EXERCISE OBJECTIVE: When the line containing "WAKE UP dejesus" appears in the entries below, begin printing there and stop after the line containing "死侍扮演者瑞恩·雷诺兹202"; print each of those lines exactly and no other line.

INPUT DATA:
----------
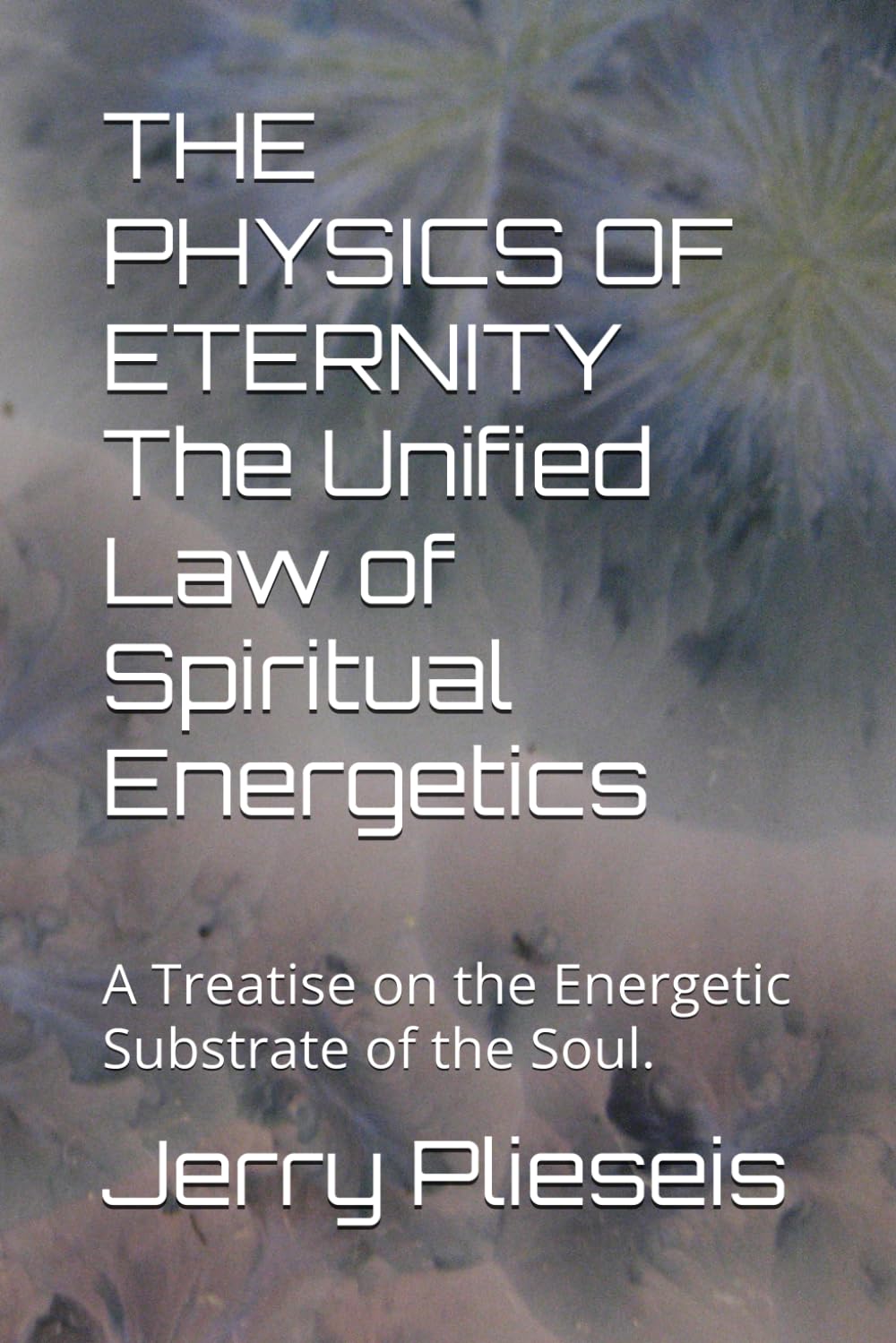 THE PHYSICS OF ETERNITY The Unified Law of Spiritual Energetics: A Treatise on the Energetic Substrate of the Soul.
----------
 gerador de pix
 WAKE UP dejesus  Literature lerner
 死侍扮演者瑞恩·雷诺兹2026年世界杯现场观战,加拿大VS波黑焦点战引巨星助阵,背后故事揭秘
----------
TASK ANSWER:
 WAKE UP dejesus  Literature lerner
 死侍扮演者瑞恩·雷诺兹2026年世界杯现场观战,加拿大VS波黑焦点战引巨星助阵,背后故事揭秘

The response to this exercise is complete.